Running ZMap directly from GFF file(s)

Synopsis

The aim is to run ZMap from canned data with little or no configuration - download the distribution, run configure and make then feed in your own data, typically with a command like these:

cd my_project; zmap *.gff
zmap  ~/data/fatmouse/models.gff ~/data/fatmouse/fatmouse_psl.gff

If ZMap is run with file arguments and no configuration files or directories are specified (--conf_file=, --conf_dir=) then it will operate without the main configuration or styles files (which are specified in the configuration file). If a configuration file is specified then this may include data sources and files need not be specified. However, additional data files may be given and added to the session as command line arguements. A menu option (File/Open) will allow new GFF data to be read in OTF. (NOTE we may also later provide File/Open on the main window to choose a session).
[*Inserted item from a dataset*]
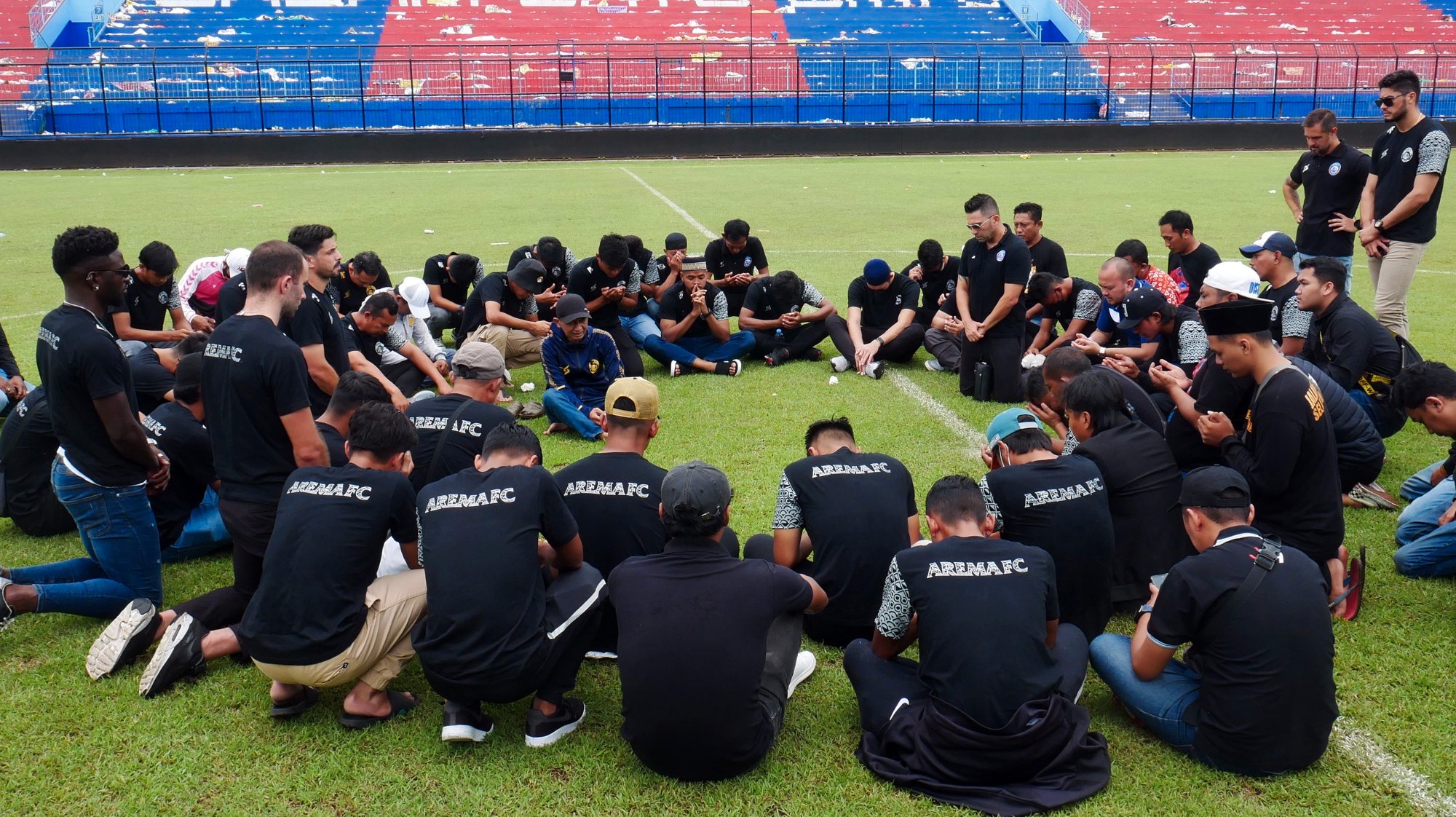 Jogadores do Arema juntaram-se às homenagens feitas este domingo no Estádio Kanjuruhan após a tragédia após o dérbi com o Persebaya Surabay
ZMap will also provide an option (File/Save As) to save the current session in a single configuration file, although the format of this will differ slightly from the existing. All styles used will be added to the main configuration file, and data sources also, as a list of files. If started from such a file ZMap will allow updates to be saved (File/Save) eg to store extra data files and different choices of display style. A configuration option will be set to choose this behaviour - otterlace sessions for example may not be modified OTF, as the state is driven from Otterlace. Unsetting this option manually will revert to a traditional session.

To use Blixem it will be necessary to provide configuration manually (at least in the first release).

Sensible defaults will be chosen for parameters in the [ZMap] and [ZmapWindow] stanzas. [glyphs] will be defaulted to current configuration if no [glyphs] config stanza is found (or no config file), otherwise they must all be defined.

Column Configuration

Column Ordering

This can be handled by default quite simply, using the existing forward and reverse strand (mirror) model and placing columns left to right in the order of assembly, transcripts, alignments, graphs, basic. However this is likely to put some columns out of place eg curated features aka PolyA etc which appear to be wanted next to transcripts.

In Havana there is a requirement to have the same config for the whole team but for wider use this is not so clear and it seems likely that there will be a desire to re-order columns via drag and drop and to remember session details (there have been requests for this from Havana (RT 67466, 205085).

It also seems likely that if each user has thier own preferences then they may want these to apply across different sessions, which implies keeping a configuration file per user (eg in the home directory)

These last two items will not be addressed in the first release.

Column featuresets and styles

This involves mapping featuresets to columns, choice of styles, and various other things such as pretty names and descriptions. Note that if we assume that users will simply load data from file there is no need for a load columns dialog and no need to specify load on startup or otherwise. File servers have to be 'created' automatically without configuration.

Some columns consist of several sources (eg repeatmasker, curated features) and these can't be set up without external configuration, and without this we would have these appearing in several columns, not necessarily next to each other. This is obviously poor and also uses up pointless amounts of screen real-estate. One way to allow users to set this up would be to allow drag and drop to order columns and then menu options/ keyboard shortcuts to merge or split columns. (not in the first release).

Default Styles

These can sensibly be created for the different style modes, and alternate colours generated for new columns automatically from a hard coded palette, perhaps triggering off a string in the data featureset name (eg EST is purple). There is an obvious need to allow user choice of colours via the usual dialog, and this implies remembering this information, which implies a session configuration file as above.

Useful styles

ZMap displays some data on the forward strand only and there is no obvious way to choose this. Some alignments are displayed gapped (alignments) when bumped and some always (ditags, BAM). In this context a default style is just a mechanism for ensuring that data is visible and then we expect users to customise. ZMap can provide a number of optional styles per mode and these could be chosen via a style menu, which allows a naive user to set up sensible display of most data sources.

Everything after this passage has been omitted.